I'm pretty sure that there exists no law forcing the holder of a
patent to allow others to use it.
There are no such laws. Though the government has in some cases forced the licensing of patents, e.g. some of the intergovernment deals on AIDS drugs, and earlier the Wright patents for military aviation in world war I.
And even if there was such a law, it's still the decision of the
patent holders, what price they demand. They can exclude everyone by adjusting the price. And there's no reason why they shouldn't define different prices depending on who wants to use the patent...
Differential pricing is tricky, any such scheme can easily run afoul of anti-trust laws. So the claim of "no reason" here is dubious.
On Mon, 8 Dec 2003, Robert Dewar wrote:
And even if there was such a law, it's still the decision of the patent holders, what price they demand. They can exclude everyone by adjusting the price. And there's no reason why they shouldn't define different prices depending on who wants to use the patent...

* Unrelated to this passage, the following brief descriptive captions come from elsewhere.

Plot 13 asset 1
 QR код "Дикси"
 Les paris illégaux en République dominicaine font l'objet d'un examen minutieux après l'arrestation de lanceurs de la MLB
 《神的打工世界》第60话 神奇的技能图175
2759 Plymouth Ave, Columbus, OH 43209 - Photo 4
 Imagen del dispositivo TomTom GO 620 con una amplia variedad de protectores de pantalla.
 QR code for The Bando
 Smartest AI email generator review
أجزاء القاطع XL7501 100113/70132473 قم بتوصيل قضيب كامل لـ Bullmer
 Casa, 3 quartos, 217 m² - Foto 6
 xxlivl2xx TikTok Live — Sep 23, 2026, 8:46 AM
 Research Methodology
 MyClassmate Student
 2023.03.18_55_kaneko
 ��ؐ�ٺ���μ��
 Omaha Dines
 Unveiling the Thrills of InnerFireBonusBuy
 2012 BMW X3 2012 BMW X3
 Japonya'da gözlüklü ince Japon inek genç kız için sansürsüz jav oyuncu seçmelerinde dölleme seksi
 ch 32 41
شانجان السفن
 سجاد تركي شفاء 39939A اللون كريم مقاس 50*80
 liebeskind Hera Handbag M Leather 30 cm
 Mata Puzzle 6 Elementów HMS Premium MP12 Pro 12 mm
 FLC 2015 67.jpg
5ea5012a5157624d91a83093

Differential pricing is tricky, any such scheme can easily run afoul of anti-trust laws.
I agree, but while admitting that not being an expert, I'd like to add my thoughts:
1) Secret, individual negotiations:
I agree that "defining different prices depending on who wants the patent" is not something somebody would do in the open, but I think the licensing company can always just do individual negotiations under NDA so that no one gets to hear the price and what has been discussed in the negotiations.
Such price could be easily get lower or compensated by cross-licensing, so there is some advantage in being able to cross-license when opposed to not being able to take part in such deal.
(e.g. very small Linux distributors like Mandrake and Conectiva likely would not have the possibiltiy to do effective cross-licensing)
IMHO, patent pools(I think of MPEG, GSM, UMTS, G3 phones) can be seen as very closed clubs to which an outsider without much money likely has no possibiltiy to enter and where there is IMHO no transparency of the deals going on inside.
2) Licensing policies:
IMHO, licensing policies like Microsoft's FAT which cap the license fee at a fixed amount could be of drawback to smaller companies.